蒼風閑語

ll_bluewind_llのひねもすのたりのたり

金星

あぁ、暑い暑い。こんな蒸し暑い夜には、今読み進めている真っ最中のエドゥアルド・ガレアーノ著/飯島みどり訳『火の記憶1.誕生』(みすず書房)から、お気に入りの一節を抜き出して味わってみる事にしましょう。

さあさあ、冷たいビールに枝豆とキュウリでも用意して・・・。

 『金星』

背中の曲がった母なる月は、息子にこう頼んだ。

―おまえの父親は一体どこにいるものやら。私の便りを届けておくれ。

息子は火という火のうち、とりわけ激しく燃える火を求めて旅に出た。

太陽がお気に入りの葡萄酒を飲み、お気に入りの女たちと小太鼓に合わせて踊るはずの正午(まひる)どき、だがそこに彼は見つからなかった。地平線や冥界を探し歩いた。タラスコの民の太陽は、その四つの家のいずれにもいなかった。
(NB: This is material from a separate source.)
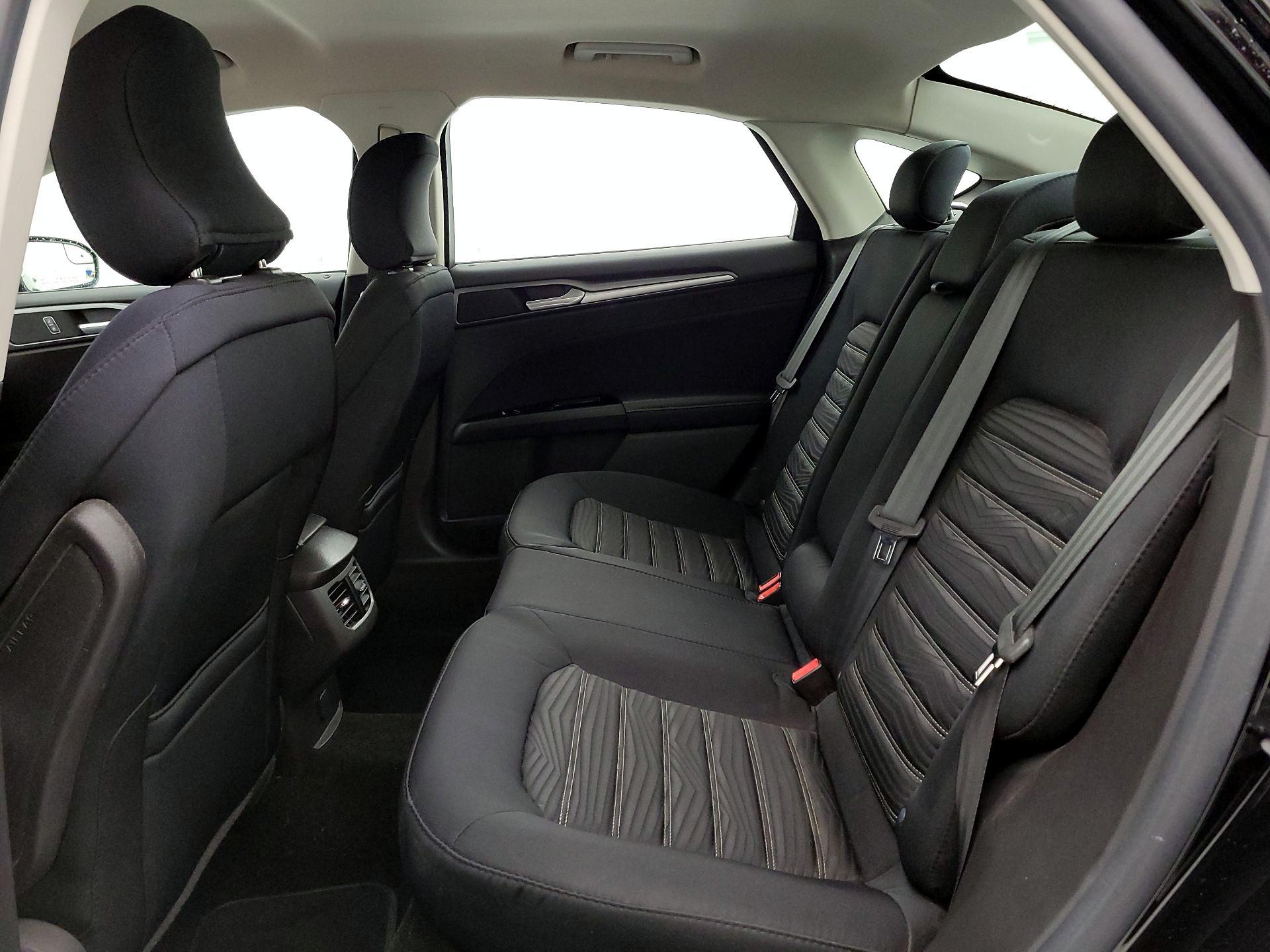 Thumbnail: 2016 Ford Fusion - 19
金星はなおも父を追って天空を駆け続ける。だがその登場は、きまって早すぎるか、さもなければ遅すぎる。

今日29日はちょうど半月になっていますが、つい先日までの弦月だとまさに“背中の曲がった母なる月”の風情でしょうか。

それにしても、金星が今「明けの明星・宵の明星」などと呼ばれているという事実、あれはただ単に“間が悪いヤツ”というだけの話だったのですねぇ・・・。